Some other sources which flag the use of the word "dummy":

Another document mentioning how it causes harm:

“Dummy” and similar terms stigmatize mental disabilities. The alternatives are clearer.

MarcoGorelli commented 2 years ago

Thanks @davidcavazos

Reopening then - perhaps we can discuss this in the next dev meeting (which btw anyone is welcome to attend)

davidcavazos commented 2 years ago

So far, some alternatives are:

Maybe we could open a voting to finalize the name.

davidcavazos commented 2 years ago

Thanks @davidcavazos

Reopening then - perhaps we can discuss this in the next dev meeting (which btw anyone is welcome to attend)

Thanks, I've added it to my calendar

TheNeuralBit commented 2 years ago

Another point I'd like to bring over from https://github.com/pandas-dev/pandas/issues/48250#issuecomment-1227642106:

My takeaway from [the discussion in #35724] is that adding a separate get_indicators (or some other agreed upon alternative) would be amenable. From there we could either:

  • Deprecate and ultimately remove get_dummies, or
  • Prefer get_indicators in documentation to nudge users there

It seems the former was rejected, but the latter could be acceptable. Could we pursue that approach?

jbrockmendel commented 2 years ago

can be offensive to some people

Is there evidence on this?

Some other sources which flag the use of the word "dummy":

I do not find these compelling. They also suggest replacing "normal" with "typical". Should scipy/statsmodels deprecate references to the Normal Distribution?

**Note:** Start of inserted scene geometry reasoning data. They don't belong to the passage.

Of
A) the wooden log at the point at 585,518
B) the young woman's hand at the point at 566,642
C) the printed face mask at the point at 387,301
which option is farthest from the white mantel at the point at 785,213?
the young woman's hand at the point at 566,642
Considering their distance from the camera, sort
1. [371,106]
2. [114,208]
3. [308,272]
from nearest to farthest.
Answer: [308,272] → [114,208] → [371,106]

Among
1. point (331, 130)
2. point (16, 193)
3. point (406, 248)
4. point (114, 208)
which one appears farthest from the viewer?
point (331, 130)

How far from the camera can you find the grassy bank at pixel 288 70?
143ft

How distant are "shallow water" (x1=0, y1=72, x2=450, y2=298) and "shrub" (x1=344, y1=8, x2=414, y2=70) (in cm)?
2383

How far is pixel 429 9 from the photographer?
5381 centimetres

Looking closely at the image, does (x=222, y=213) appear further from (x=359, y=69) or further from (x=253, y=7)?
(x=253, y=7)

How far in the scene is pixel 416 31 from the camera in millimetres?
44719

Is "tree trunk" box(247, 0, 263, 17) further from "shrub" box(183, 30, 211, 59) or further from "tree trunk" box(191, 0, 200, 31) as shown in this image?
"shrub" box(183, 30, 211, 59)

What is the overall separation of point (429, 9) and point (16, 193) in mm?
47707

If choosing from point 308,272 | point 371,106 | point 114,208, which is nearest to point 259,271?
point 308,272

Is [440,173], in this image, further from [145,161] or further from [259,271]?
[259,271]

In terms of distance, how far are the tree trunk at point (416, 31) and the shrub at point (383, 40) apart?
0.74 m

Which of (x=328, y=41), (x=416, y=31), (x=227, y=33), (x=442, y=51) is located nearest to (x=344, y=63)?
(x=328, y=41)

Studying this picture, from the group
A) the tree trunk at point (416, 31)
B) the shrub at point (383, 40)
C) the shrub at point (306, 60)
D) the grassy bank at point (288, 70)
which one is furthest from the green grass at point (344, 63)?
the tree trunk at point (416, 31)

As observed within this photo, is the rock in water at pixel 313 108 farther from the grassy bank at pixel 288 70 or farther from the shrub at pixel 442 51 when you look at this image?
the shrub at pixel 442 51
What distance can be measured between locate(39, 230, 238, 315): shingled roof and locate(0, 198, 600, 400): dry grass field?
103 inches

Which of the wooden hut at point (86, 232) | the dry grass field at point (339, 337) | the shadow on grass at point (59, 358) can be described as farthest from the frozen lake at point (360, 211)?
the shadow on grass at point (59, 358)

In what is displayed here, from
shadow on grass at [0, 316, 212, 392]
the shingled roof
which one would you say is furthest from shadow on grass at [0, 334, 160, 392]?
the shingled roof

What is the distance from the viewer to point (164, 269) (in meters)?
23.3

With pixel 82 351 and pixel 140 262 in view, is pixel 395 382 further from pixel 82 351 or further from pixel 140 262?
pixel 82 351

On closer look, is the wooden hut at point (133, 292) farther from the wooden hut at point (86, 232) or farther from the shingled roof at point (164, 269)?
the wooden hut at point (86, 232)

https://twitter.com/jbarro/status/1467250971361386505

“inclusive language” — that is, the creation of a long list of weird required adjustments to language, separating those who know and subscribe to all the latest rules from those who don’t — is not actually inclusive.

davidcavazos commented 2 years ago

Nobody expects anyone to know all the words, but there's also a long historical background of poor choices of words which convey a negative context or are sensitive to groups of people (like master, slave, kill, etc). Fortunately there are people who have invested the time of compiling these words into lists to make them more searchable. Many fall into gray areas, but there are some which make sense to change. That's why GitHub renamed the main branch name from master, even if that was pretty disruptive at the time.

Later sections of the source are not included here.